A little Buffett/Eagles trivia for you, the Eagles Timothy B. Schmit played with Buffett’s Coral Reefer Band from 1983-1985 and coined the phrase ‘Parrotheads’. There has been a longtime connection between the two artists who have played together occasionally as a double bill over the years. The Sun left the stadium with Buffett but his music takes you on vacation whether at the beach or in your mind.
The Eagles opened this show acoustically with their beautiful harmonies on “Seven Bridges Road”. Their silhouettes against the screen backdrop, you know you are in for something special. The first tour without co-founder, the late Glenn Frey, makes one wonder how this is going to go. It takes two to replace Glenn Frey, two very special people. Glenn’s 24-year-old son Deacon Frey and country superstar Vince Gill. Young Frey is the spitting image of his father from the early 70s, his sound is similar but yet his own. Vince Gill has a tone that is reminiscent of Glenn Frey, but he’s not trying to be Frey, he is simply honoring Glenn’s work.
The Eagles have never been one particular voice. Don Henley has provided vocals on many of the band’s hits and had his own solo career, then there’s Timothy B. Schmit bringing his soulful falsetto to beautiful ballads like ‘I Can’t Tell You Why’. The noise of 56,000 in the audience was down to a whisper during Schmit’s performances. Joe Walsh brings us rock, some incredible guitar solos and humor with songs like ‘Life’s Been Good’ and a James Gang classic with ‘Funk 49’.

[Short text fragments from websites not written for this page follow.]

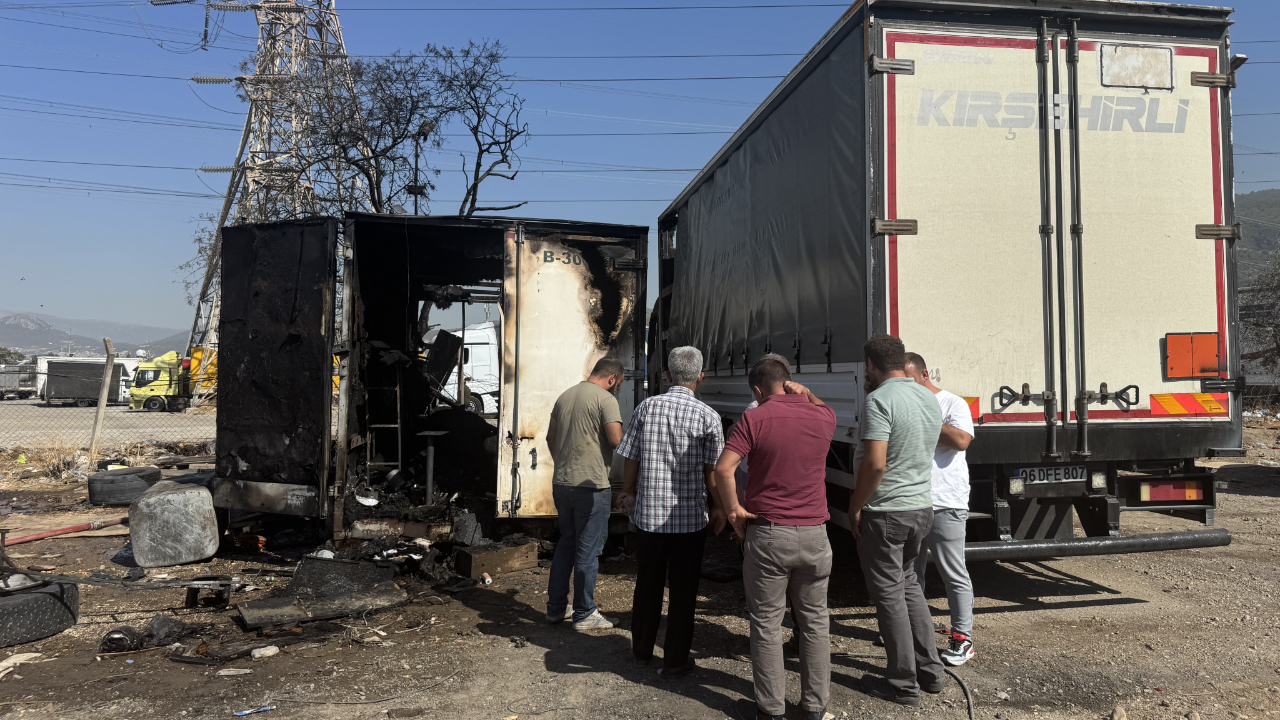 Bornova’da konteyner yangını kamyona sıçradı, söndürüldü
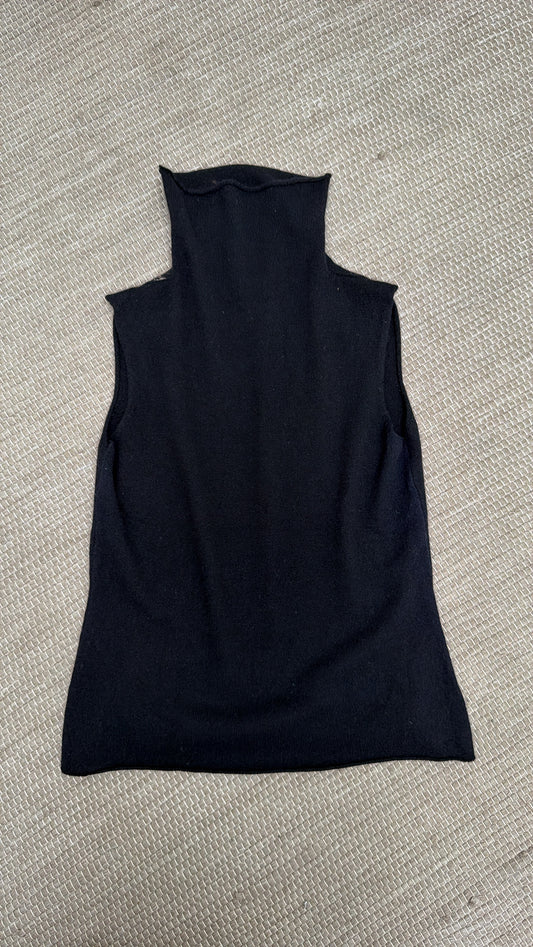 Italian-made cashmere sweater vest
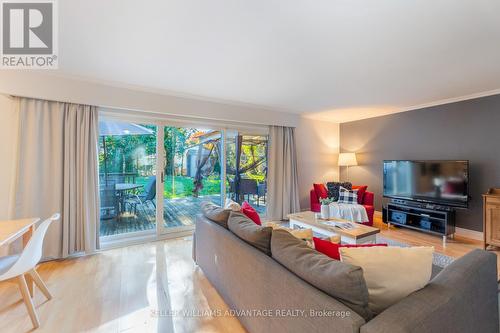 48 Gondola Crescent, Toronto, ON - Indoor Photo Showing Living Room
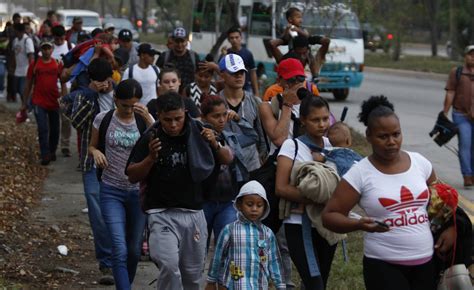 Una Nueva Caravana De Migrantes Parte De Honduras Hacia Estados Unidos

The Eagles catalog is some of the most iconic music of our time. Instantly recognizable from the first note, the audience knew what was coming and was ready for it! Great lighting and cool tech graphics were all that was needed. The music speaks for itself, this is music written from the heart. From the tune that started it all written by Frey and Jackson Browne, ‘Take It Easy’ sung by Deacon, to Henley’s beautiful, haunting closing lyrics of ‘Desperado’, these songs stand the test of time and though we miss Glenn Frey, his legacy in music is secure. Walking out of the stadium, I thought of that famous lyric from Hotel California, after over 40 years of The Eagles music, ‘you can check out any time you like, but you can never leave’.